The team pulled out under the cover of the last run, but the retreat was almost as tough as the firefight. The area was too hot for a helicopter medevac, so Gutierrez and the others had to hoof it for about two miles to get somewhere safer. The CCT’s lung collapsed again, requiring another needle decompression. By the time they found a landing zone, Gutierrez had lost more than half the blood in his body.

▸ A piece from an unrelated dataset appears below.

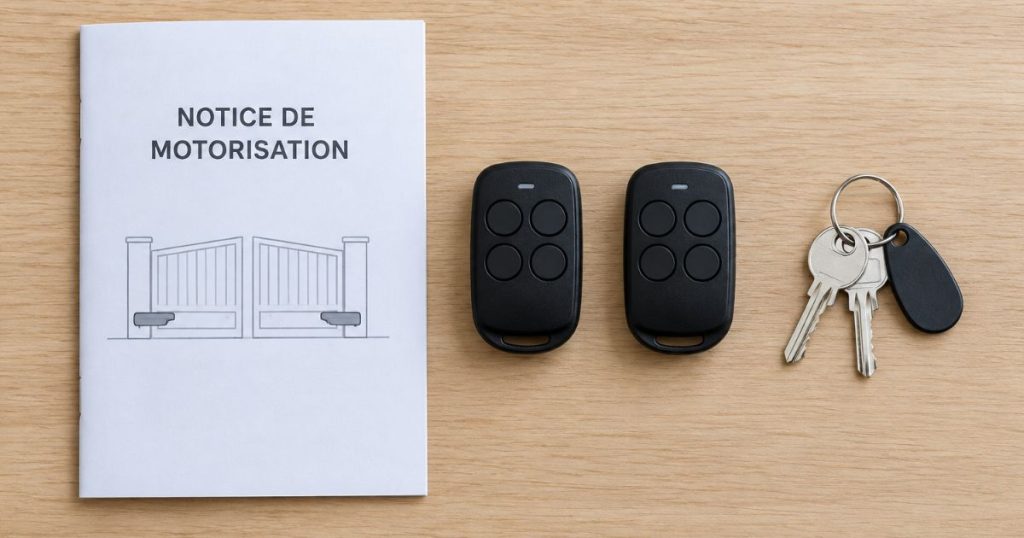 Remise des télécommandes et de la notice après pose de portail au Genest-Saint-Isle, par Kalio Menuiserie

“Everybody has their own push, their own internal fortitude, and I don’t have time to let anyone down,” the CCT told Air Force Magazine.
When the helicopter arrived, Gutierrez was taken to Bagram Airfield, then Landstuhl Regional Medical Center in Germany, then finally Walter Reed Army Medical Center in Washington, D.C. The gunshot wound had resulted in two broken ribs, a broken scapula, a softball-sized hole in the CCT’s back, a collapsed lung and multiple blood infections, according to the Air Force. He also had ruptured eardrums from the danger-close strafing runs. But after 19 months, three chest tubes, three blood transfusions and seven surgeries, Gutierrez was back to his old self.
“In life there’s no guarantees,” he said, when asked for advice for aspiring Special Tactics airmen in the recent Facebook video. “You just give it your all. Give it 100%. And when you’re a little bit tired, and you’re still hurting, just give it a little more.
“There is no magic formula,” he added. “It’s really about how much inside of you that you have to give.”